Paper long abstract:
In his novel Comment faire l'amour avec un nègre sans se fatiguer, Laferrière suggests that white women who sleep with an African man might "wake up the next morning under a baobab tree discussing tribal affairs with village women". Drawing on narratives of Canadian women in a relationship with a man from the Global South, this paper explores the intricate relationship between mobility, place, love and sexuality. More specifically, I examine how heterosexual intimacy with men from the Global South contributes to the women's sense of belonging and emplacement in the place of origin of their partner, whether they have met their partner though travels or online. Following Morrison's argument that (hetero)sexuality is central to everyday practices of homemaking (2012), I suggest that romantic love and sex with a non-Canadian man become key to understanding 1) how a place of transit becomes a home for Canadian women travelling abroad; and 2) how a faraway country becomes a pole of attraction, and the intense focus of transnational mobility for Canadian women, some of whom had never travelled before falling in love with a non-Canadian man.

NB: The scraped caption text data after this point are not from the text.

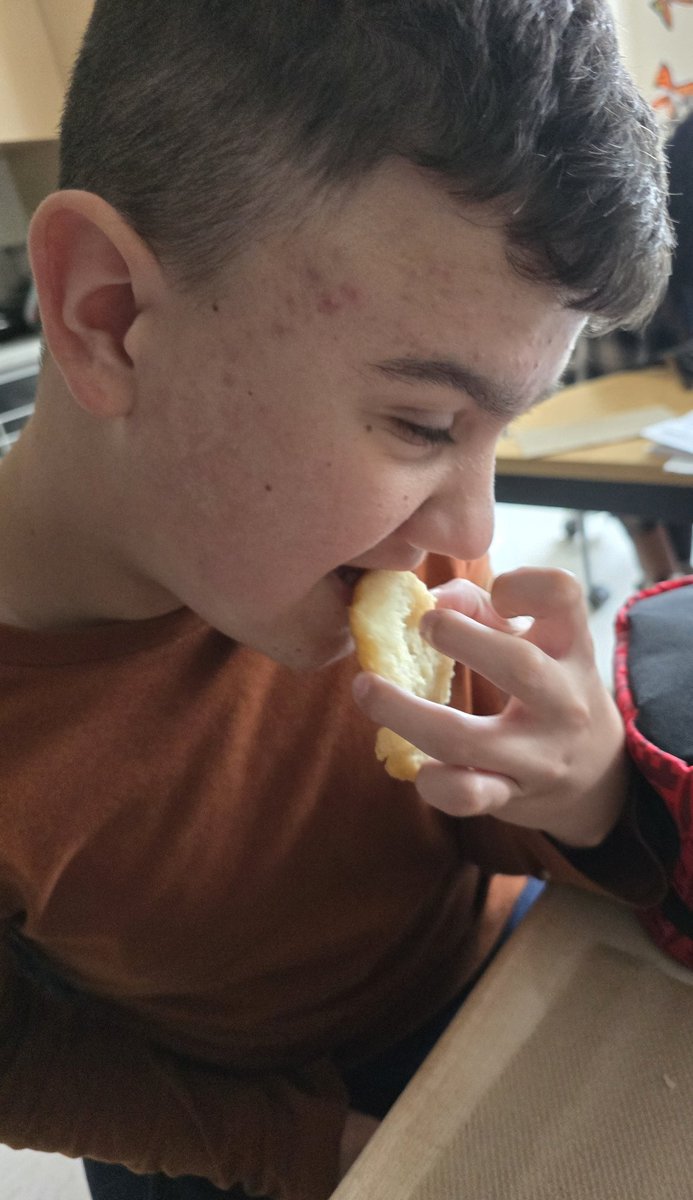 Last week, after reading Awasis and the World Famous Bannock, we were excited to try the recipe at the back of the book.  We all learned how to say the ingredients in Cree, and enjoyed trying the bannock with jam and homemade chocolate spread! <a href="/PeelSchools/">Peel District School Board</a> <a href="/JamesGrievePS/">James Grieve PS</a> #yummy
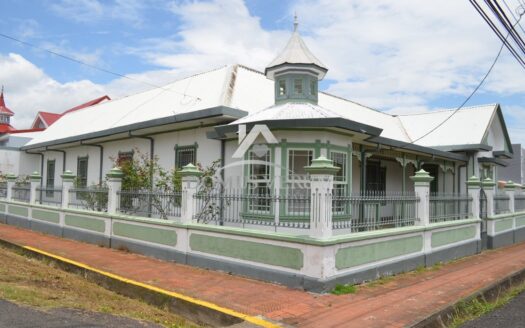 Santo Domingo Heredia Venta de Elegante Casa Victoriana en Terreno de Gran Plusvalía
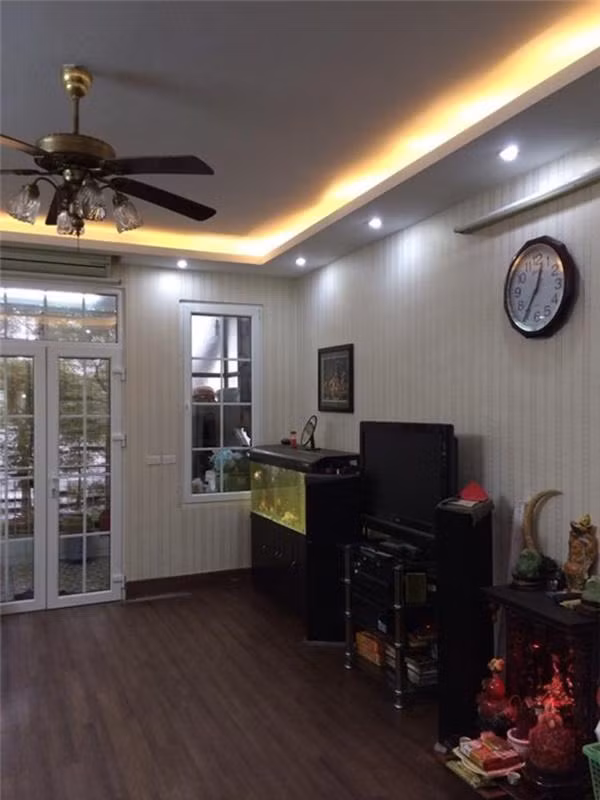 Xem can nha bac ty nam giua pho Hang Khay cua ca si Tuan Hung-Hinh-8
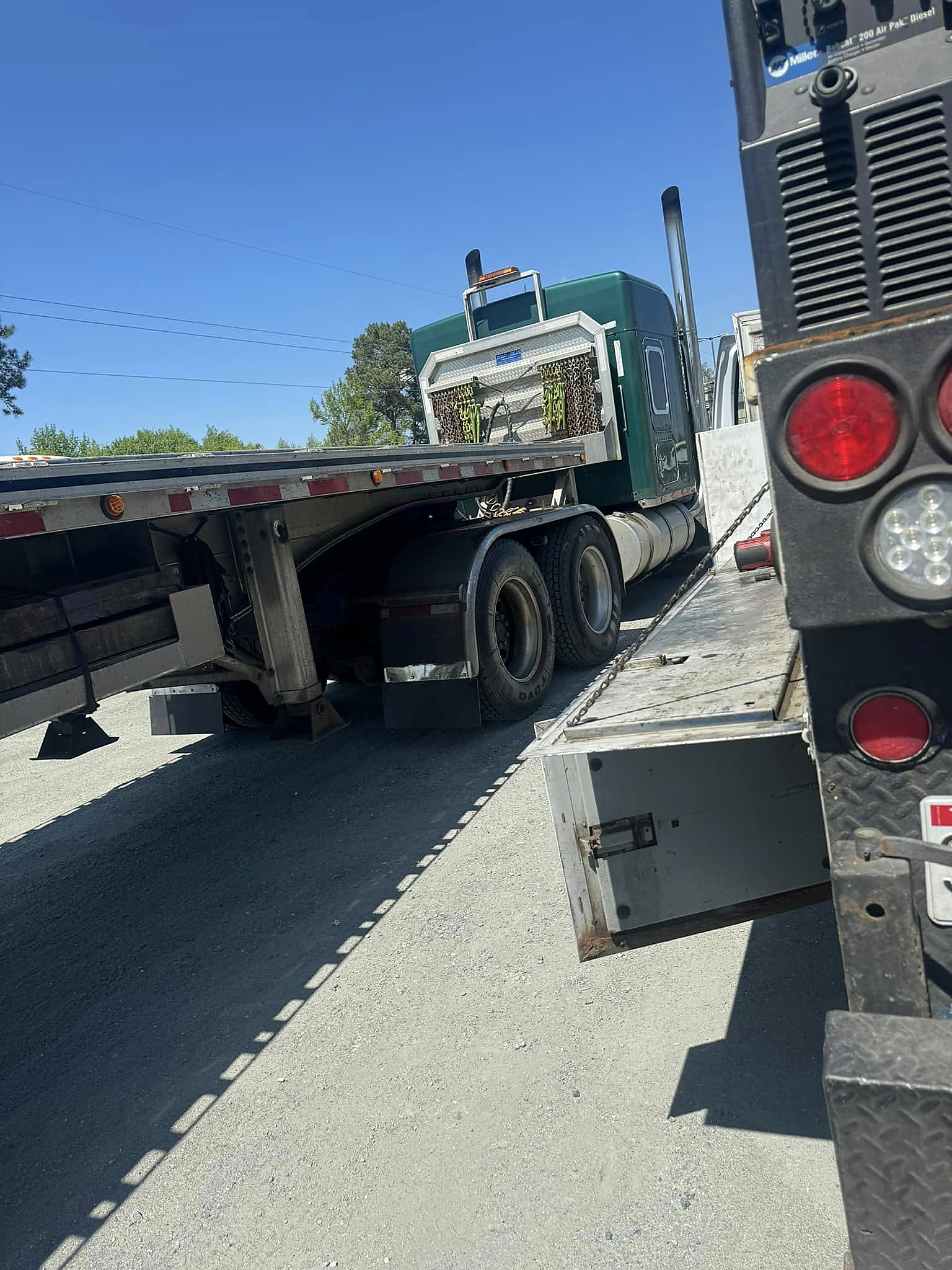 Roadside call on a flatbed road tractor.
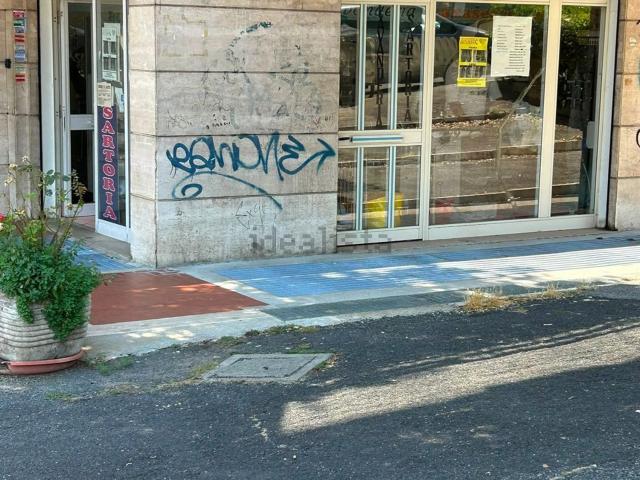 Locale in vendita di 79 m² in Via Peveragno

Thus, contrarily to Paula Ebron's (1997) understanding of tourist women in relationships with local men as "women out-of-place", the Canadian women in my study become more firmly grounded in place in the Global Souths through their intimate relationship. I argue that love for a man and love for a place become intertwined, and that love-related mobility should be understood in relation to emplacement and belonging.
Paper short abstract:
In this paper I discuss how constructions of "otherness" and intimacy work in Fortaleza, a city in the Northeast of Brazil that since the 1990's has been considered a centre of heterosexual, mainly European, sex tourism, but received in 2018 thousands of extremely well paid Korean male workers.
Paper long abstract:
In this paper I discuss how diverse constructions of "otherness" and intimacy work in Fortaleza, a coastal city in the Northeast of Brazil that since the 1990's has been considered a centre of heterosexual international sex tourism. Men from diverse European countries flooded the international tourist circuits and were disputed by local women engaged in the city's sexscapes. During the end of the decade of 2000, however, European tourists ceased visiting the city. Concurrently, the construction of a port attracted thousands of Korean male workers who gave new life to Fortaleza's sexual economies. Brazilian women who used to hang out with foreign visitors felt ambiguous regarding these workers. In spite of the high prices Korean clients paid for tricks, sex workers expressed their nostalgia for the European clients. And so did women who engaged in transactional sex, since foreigners from Europe were connected to a possibility of intimacy and migration they felt impossible to associate with the newly arrived Koreans. Considering the outcomes of a long-term ethnography carried in Fortaleza since 2000 I analyze how sexuality, love, mobilities, styles of masculinity, social and economic position, race and aesthetics take part in these perceptions.